Punkt recepcyjny w Dorohusku (woj. lubelskie) przy granicy z Ukrainą może pomieścić do 80 osób. Uchodźcy mogą tam uzyskać między innymi informację o noclegach, zjeść posiłek i spędzić kilka godzin. To jeden z dziewięciu takich punktów na polsko-ukraińskiej granicy. Od czwartku do piątkowego poranka punkt przyjął 116 osób.
Ukraina została zaatakowana przez Rosję w nocy z środy na czwartek.

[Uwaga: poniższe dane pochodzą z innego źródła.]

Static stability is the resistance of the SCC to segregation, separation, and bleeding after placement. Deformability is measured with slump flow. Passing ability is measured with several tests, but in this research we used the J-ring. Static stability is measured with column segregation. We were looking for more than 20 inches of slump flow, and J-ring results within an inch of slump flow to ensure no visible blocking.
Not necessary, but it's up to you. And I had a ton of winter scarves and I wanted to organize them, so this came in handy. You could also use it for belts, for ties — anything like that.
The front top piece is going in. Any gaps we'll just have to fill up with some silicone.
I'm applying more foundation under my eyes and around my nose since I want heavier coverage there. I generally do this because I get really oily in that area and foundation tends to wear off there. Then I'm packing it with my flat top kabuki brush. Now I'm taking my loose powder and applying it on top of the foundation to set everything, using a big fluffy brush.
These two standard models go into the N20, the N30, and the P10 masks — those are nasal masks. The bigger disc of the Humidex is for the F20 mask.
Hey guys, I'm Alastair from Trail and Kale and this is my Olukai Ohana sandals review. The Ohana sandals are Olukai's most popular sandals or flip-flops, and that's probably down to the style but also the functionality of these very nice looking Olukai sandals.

Władimir Putin wydał rozkaz przeprowadzenia specjalnej operacji wojskowej. W czwartek do ataków dochodziło w wielu regionach i miastach. W piątek nad ranem eksplozje miały miejsce w Kijowie. Od czwartku z Ukrainy wyjeżdżają kolejne osoby, zmierzają m.in. na przejścia granicze z Polską.
Dorohusk jest jednym z dziewięciu punktów recepcyjnych przy polsko-ukraińskiej granicy. Pozostałe punkty zlokalizowane są w miejscowościach: Dołhobyczów, Zosin, Hrebenne na Lubelszczyźnie oraz w Korczowej, Medyce, Budomierzu oraz Krościenku na Podkarpaciu. Dziewiąty, dodatkowy punkt mieści, się na dworcu kolejowym w Przemyślu.

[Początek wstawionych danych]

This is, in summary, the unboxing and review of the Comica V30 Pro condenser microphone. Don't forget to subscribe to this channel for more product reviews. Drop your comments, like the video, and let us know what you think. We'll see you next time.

- Punkt recepcyjny polega na tym, ze można tu spędzić kilka godzin. Jego rola polega na tym, że my przyjmujemy, rejestrujemy tych ludzi i szykujemy ich do przekazania do ośrodków, gdzie będą przebywali - mówił Wojciech Sawa, wójt Dorohuska.
Jak mówi samorządowiec, punkt może przyjąć do 80 osób. - Mamy tu 80 łóżek i bardzo dużo krzeseł, więc do 80 osób możemy przyjąć jednorazowo. Ale mam nadzieję, że jak będzie 15, 20, 30 osób to będą podjeżdżały autokary i będziemy ich przewozić do miejsc, gdzie będą przebywali - dodawał Sawa.
Jak działa punkt recepcyjny?
Reporter TVN24 Mateusz Grzymkowski relacjonuje, że do punktu w Dorohusku trafiają głównie kobiety z dziećmi oraz, co jakiś czas, starsi mężczyźni. Uchodźcy dostają wodę oraz coś do jedzenia. W każdej paczce z "suchym prowiantem" znajduje się kanapka, jogurt i owoc.
- Od czwartku do dzisiejszego poranka przyjęliśmy 116 osób, które zostały już oddelegowane do punktów zakwaterowania. Od rana poza tymi 116 osobami jest około 50 nowych osób - powiedziała w piątek Renata Lalik, kierowniczka ośrodka.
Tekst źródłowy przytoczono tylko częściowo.